|Annu. Rev. Astron. Astrophys. 1988. 26:
Copyright © 1988 by . All rights reserved
2.1.3. STRUCTURE OF CONTIGUOUS SHELLS
The structure of superclusters, the material entities that make up the contiguous shells, is reviewed by Oort (128). Particularly interesting are correlations of structural properties of galaxies such as Hubble morphological type with local number density of galaxies, first discovered by Dressler (cf. 63a) for rich clusters and later found to extend monotonically into the domain of the dispersed component of superclusters (41, 84b).
The determination of the geometry of contiguous shells is basically a problem in map making [cf. Robinson & Sale (150) and MacKay (114)]. Ellis et al. (67) review the theoretical foundations of established astronomical methods for determining the structure of the Universe from telescopic observations.
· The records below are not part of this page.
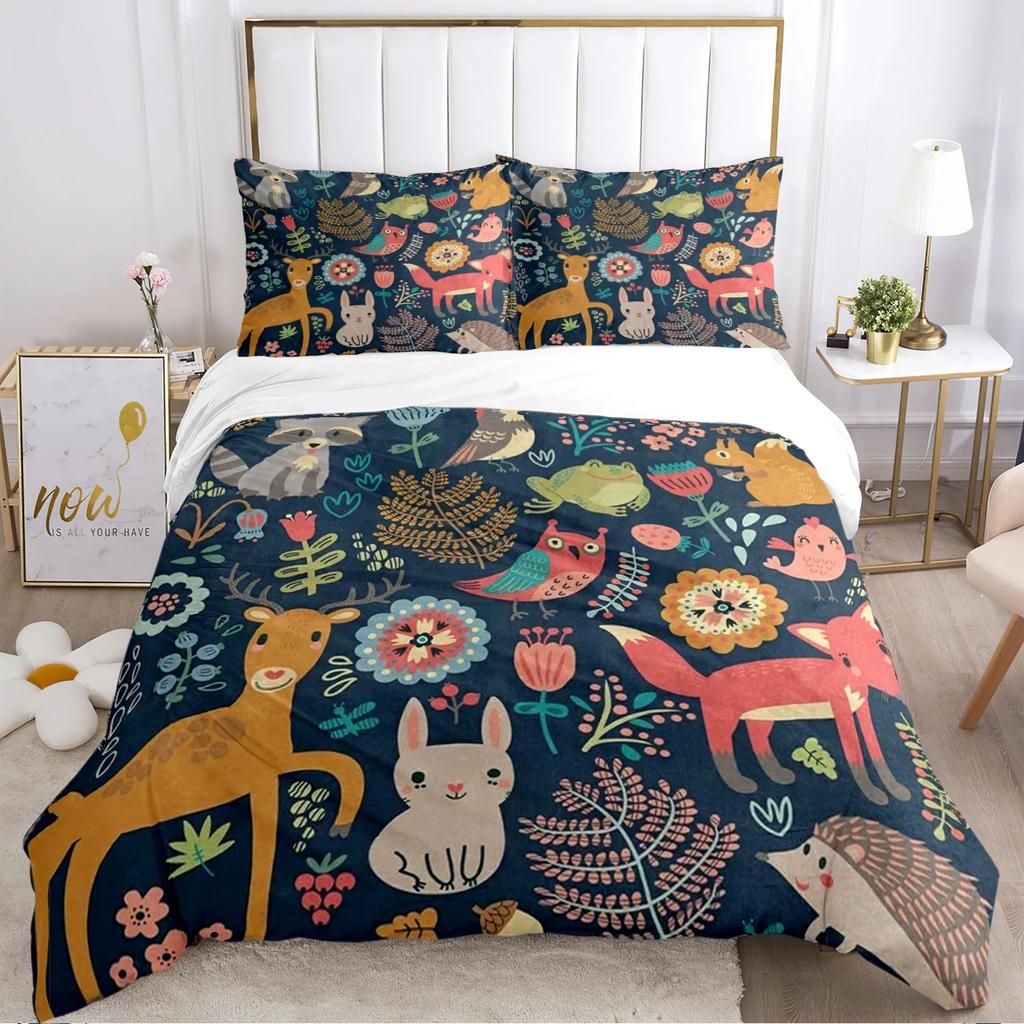 Comforter Fashion Cartoon Bedding Set Cat Dog Animal Soft And S For Teens Boys Single/Twin/Queen/King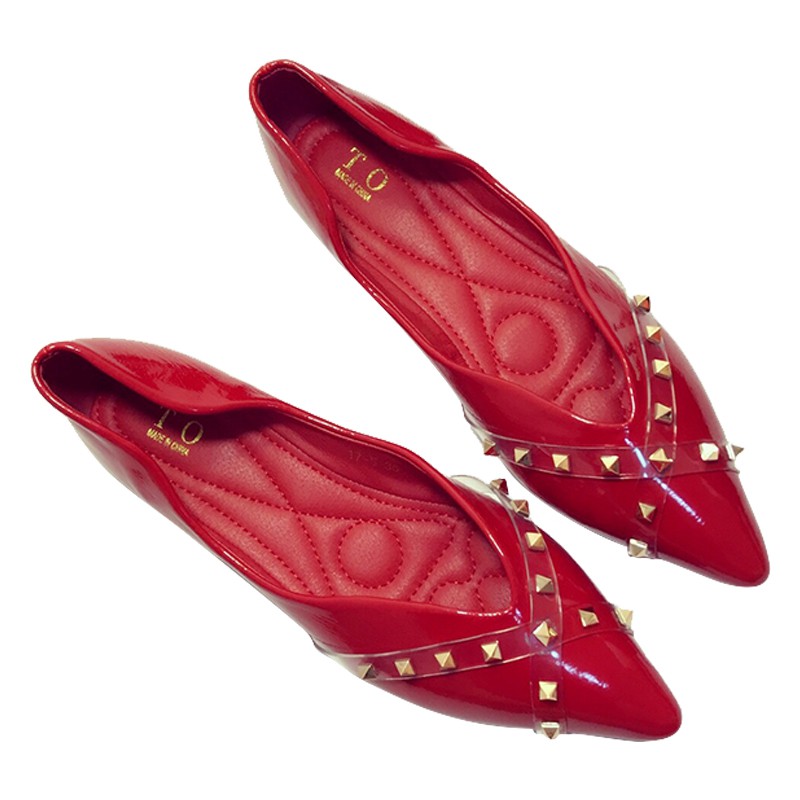 Giày Búp Bê Mũi Nhọn Đính Đinh Tán Thời Trang Nữ | BigBuy360 - bigbuy360.vn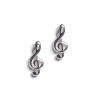 Sterling Silver Treble Clef Musical Note Stud Earrings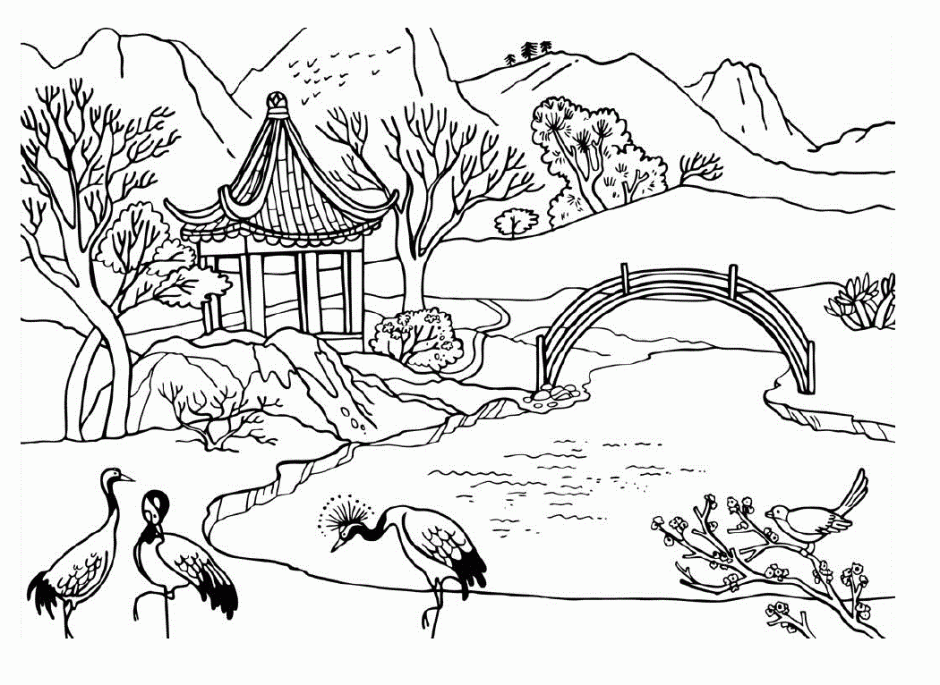 Landscapes Coloring Part 5 136111 Beautiful Coloring Pages For Adults
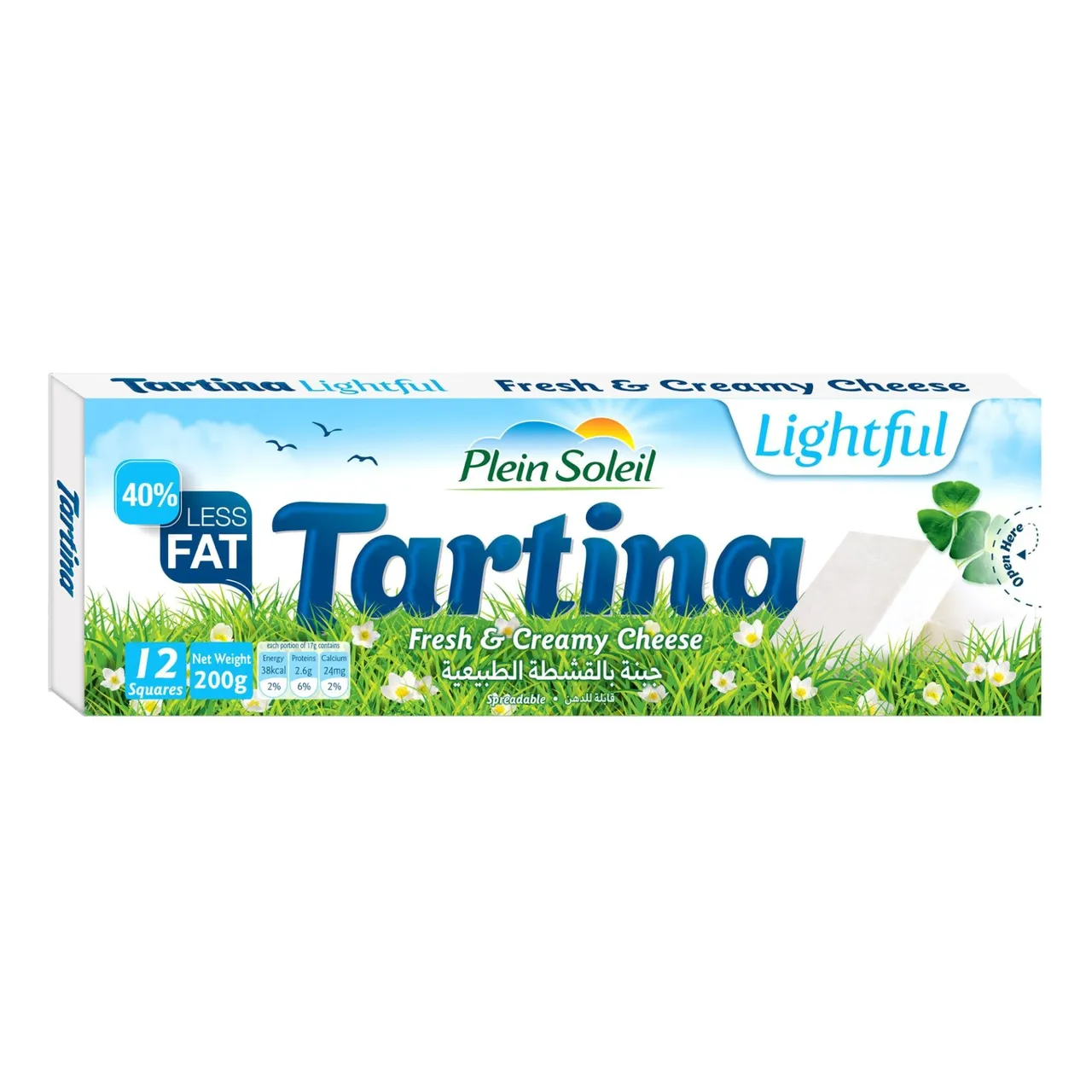 Plein Soleil جبنة Tartina Lightful طازجة وكريمية 12 مربعات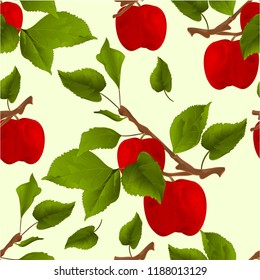 Seamless texture branch apple tree with red apples and leaves  autumn background watercolor vitage vector  illustration editable hand draw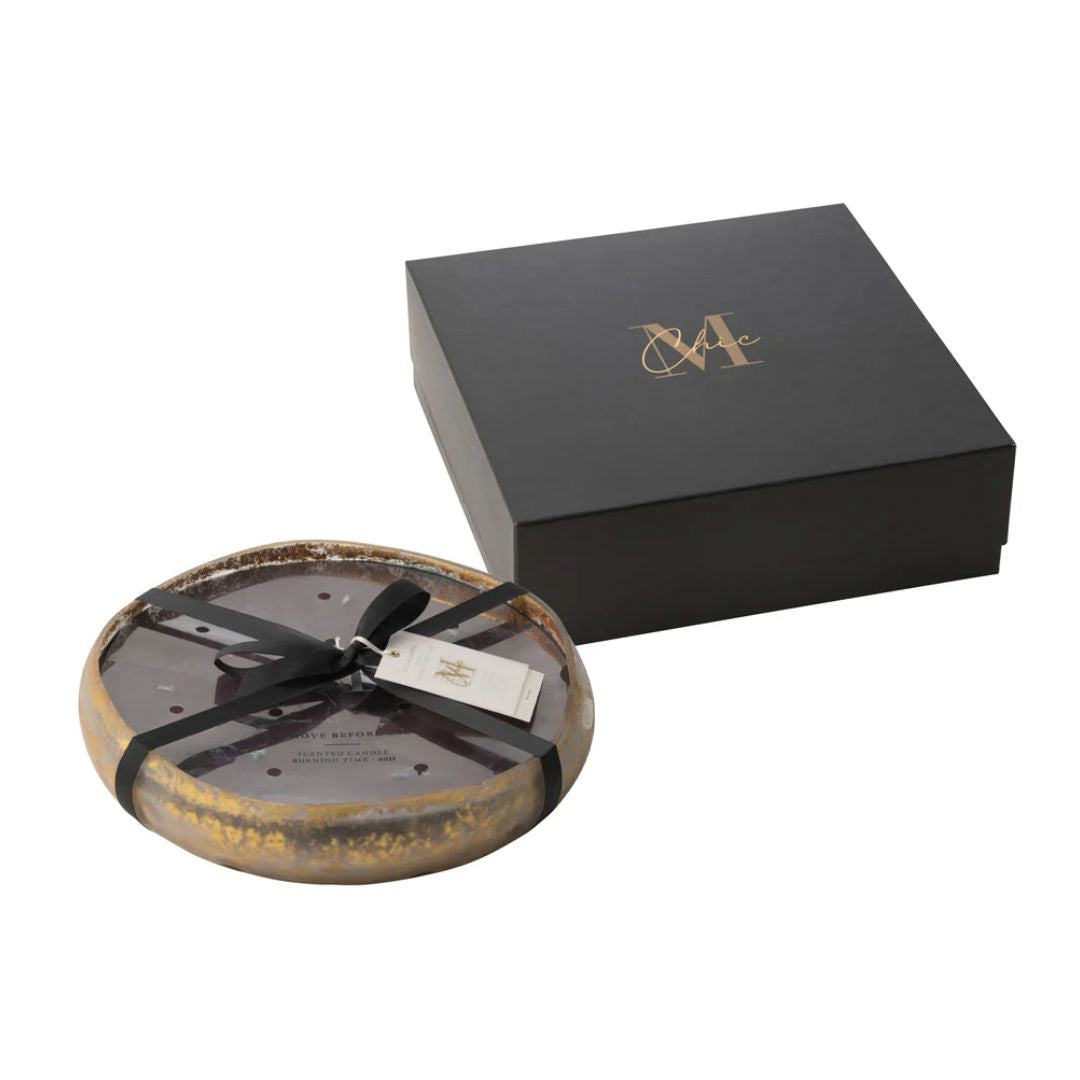 Geurkaars M-Chic Glas Goud/Zwart Groot-40H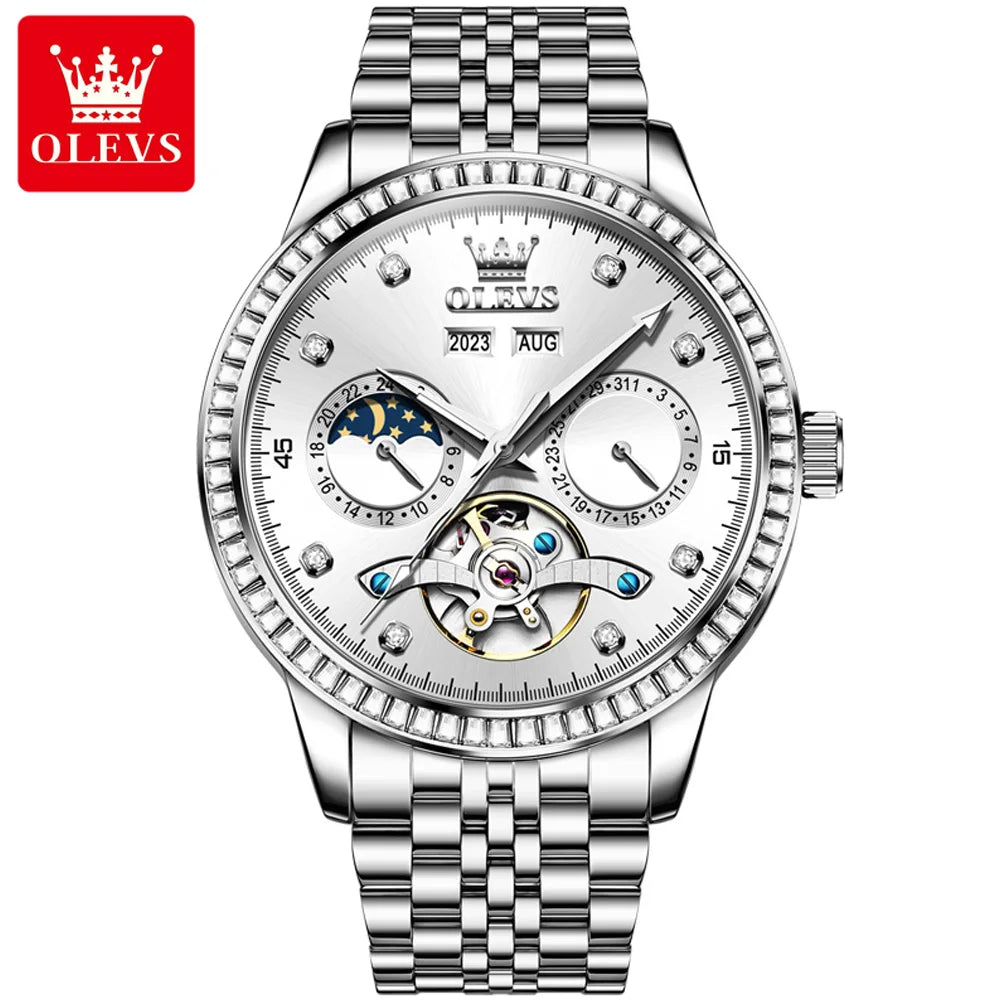 OLEVS 7016 Moon Phase Mens Watch Stainless Steel Diamond Bezel Hollowed Multifunctional Automatic Mechanical Wristwatch for Man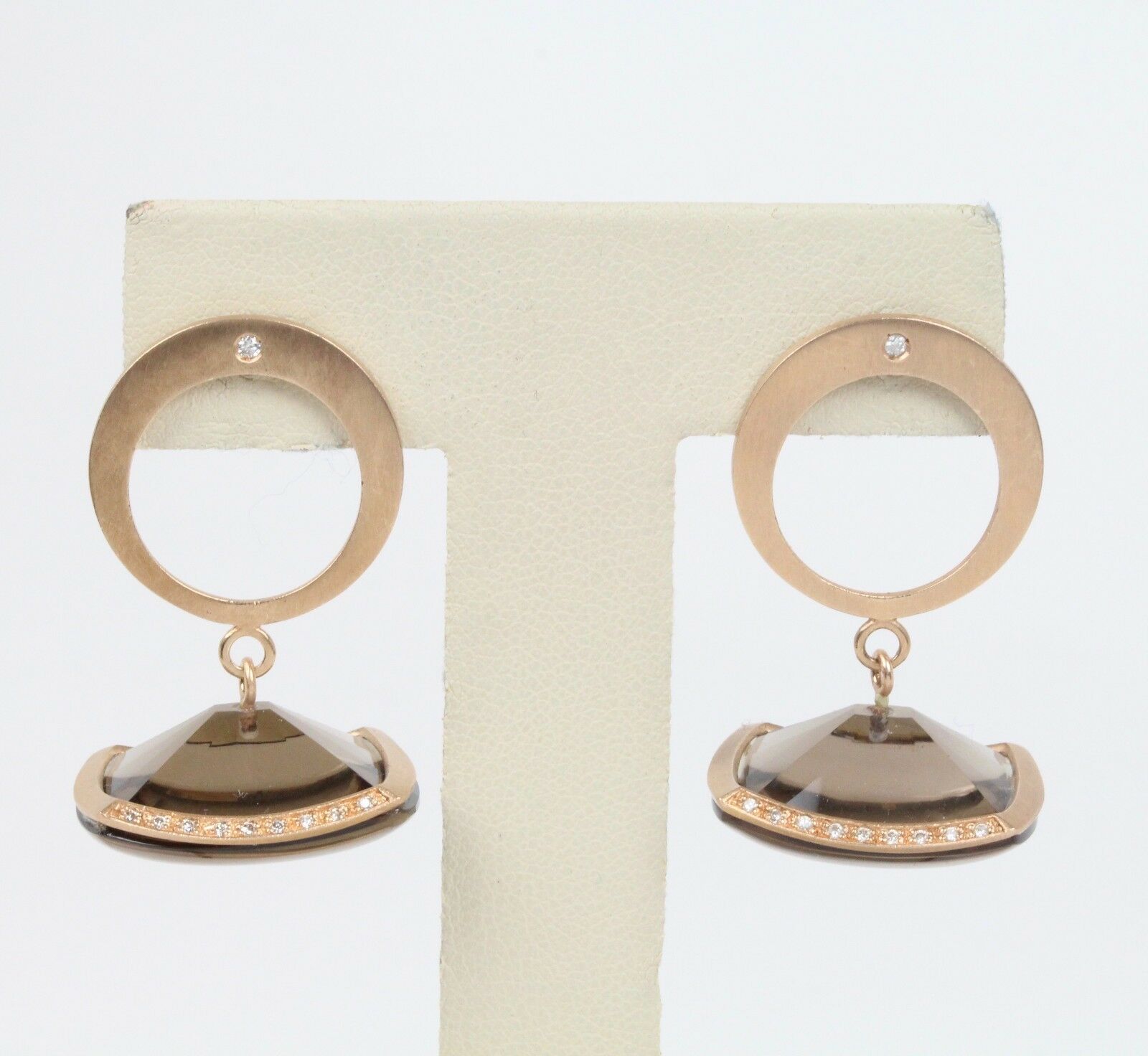 Retro French Denair 18K Rose Gold Smoky Quartz & Diamonds Dangling Earrings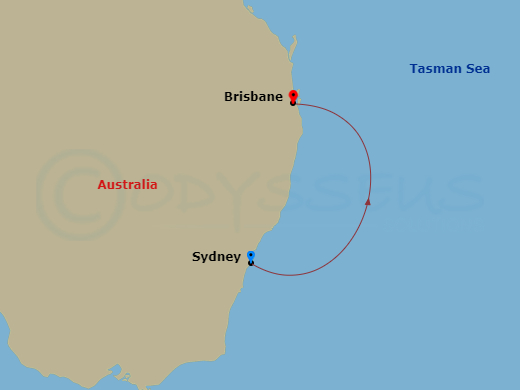 Grand Princess - 3 Night - Australia Seacation - Grand Princess - Starting in Sydney AU, Brisbane, Australia itinerary map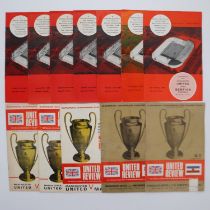 Manchester United European Cup programmes 1963-68 (12). UK P&P Group 1 (£16+VAT for the first lot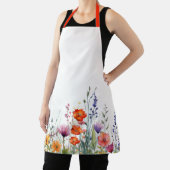 Vibrant Watercolor Wildflowers Pattern Apron エプロン (インサイチュ)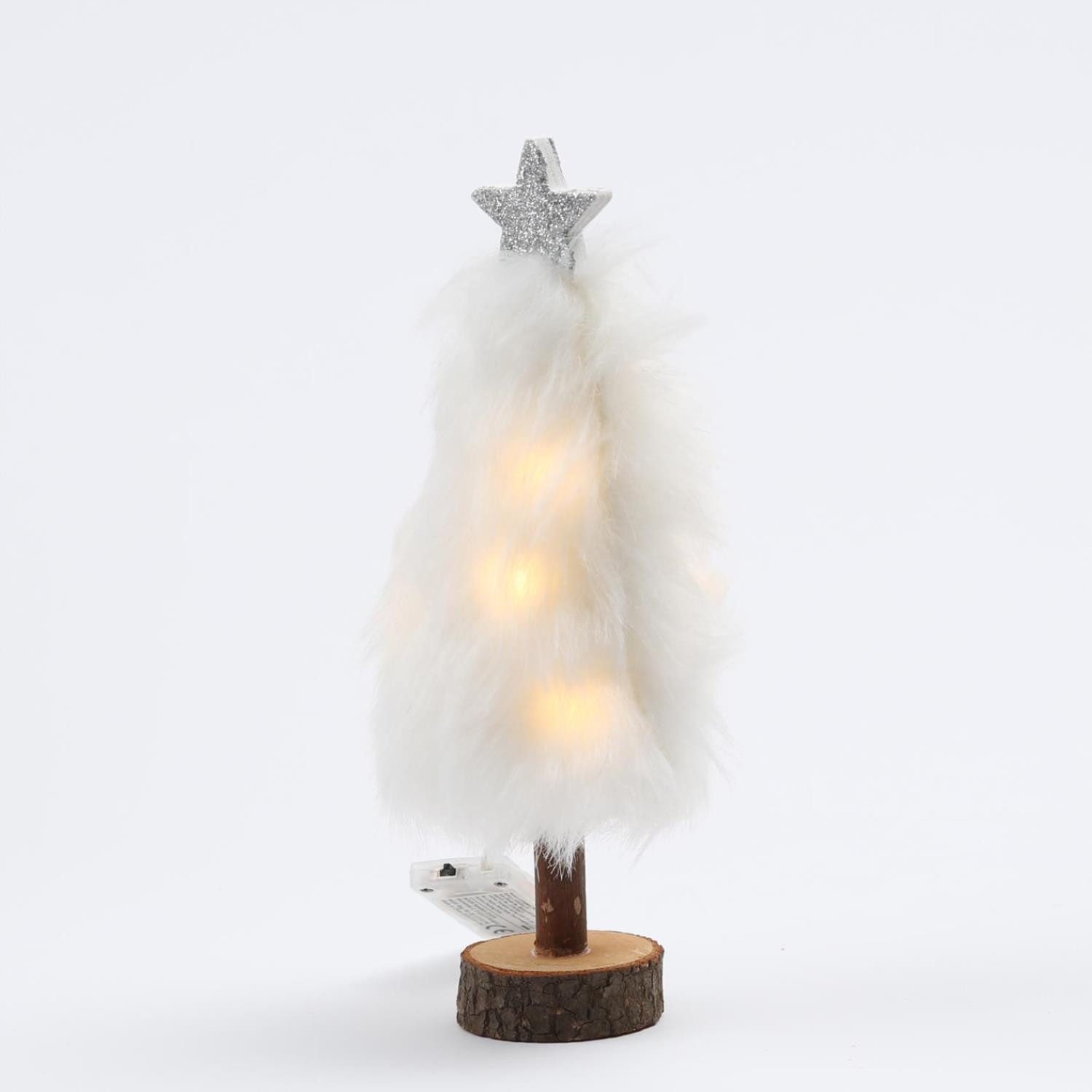 MARELIDA LED Dekoobjekt LED Dekobaum PLÜSCH mit Sternspitze Plüschfell leuchtend 19,5cm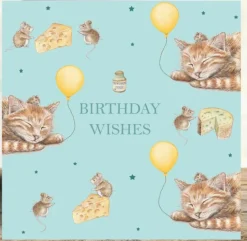 West Country Designs Greeting Cards-'Birthday Wishes' Cat & Mice Birthday Card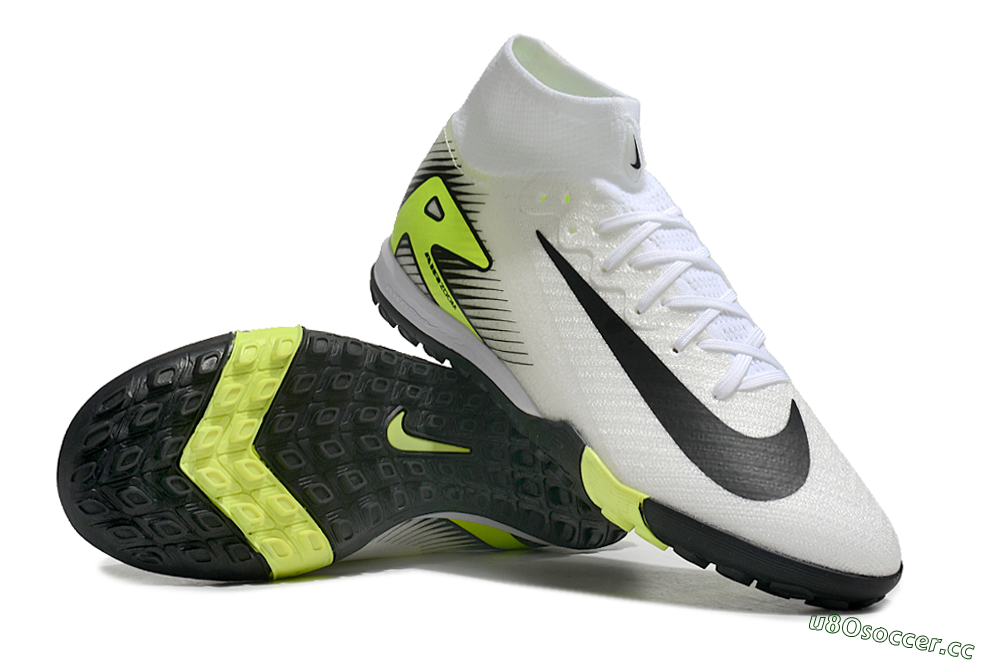 Unisex Nike Air Zoom Mercurial Superfly 10 Elite TF Artificial Turf High-Tops Football Shoes - White/Black/Yellow 3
They also discuss selection effects introduced by this process. Barrow & Bhavsar (22a) examine factors that determine pattern recognition by the human eye, with special application to their role in the evaluation of whether large-scale structure is, for example, filamentary or cellular.
The determination of geometry of contiguous shells derived by identifying observed Doppler velocities of galaxies with their Hubble velocities is systematically distorted through the neglect of corrections for motions relative to the Hubble flow. The latter include (a) the motion of a galaxy in a system relative to the barycentric velocity of the system and (b) the motion of the system relative to the Hubble flow. Galaxies in clusters for which item (a) may cause significant distortions are generally excluded from analyses of geometrical structure. Although our knowledge concerning motions of systems of galaxies relative to the Hubble flow is still in an early state (Section 2.1.4), what we do know indicates that their effects can be neglected in estimating at least some broad features in the large-scale geometry of contiguous shells (42, 56, 57). Nevertheless, in detailed analyses, Fujimoto (79) and Kaiser (100b) demonstrated with several specific examples that the neglect of effects of peculiar motions relative to the Hubble flow can introduce some major geometrical distortions; for example, the infall motion caused by the self-gravity of a supercluster translates into a significantly sharpened contiguous shell, as estimated from uncorrected maps in velocity space (see Figure 4a).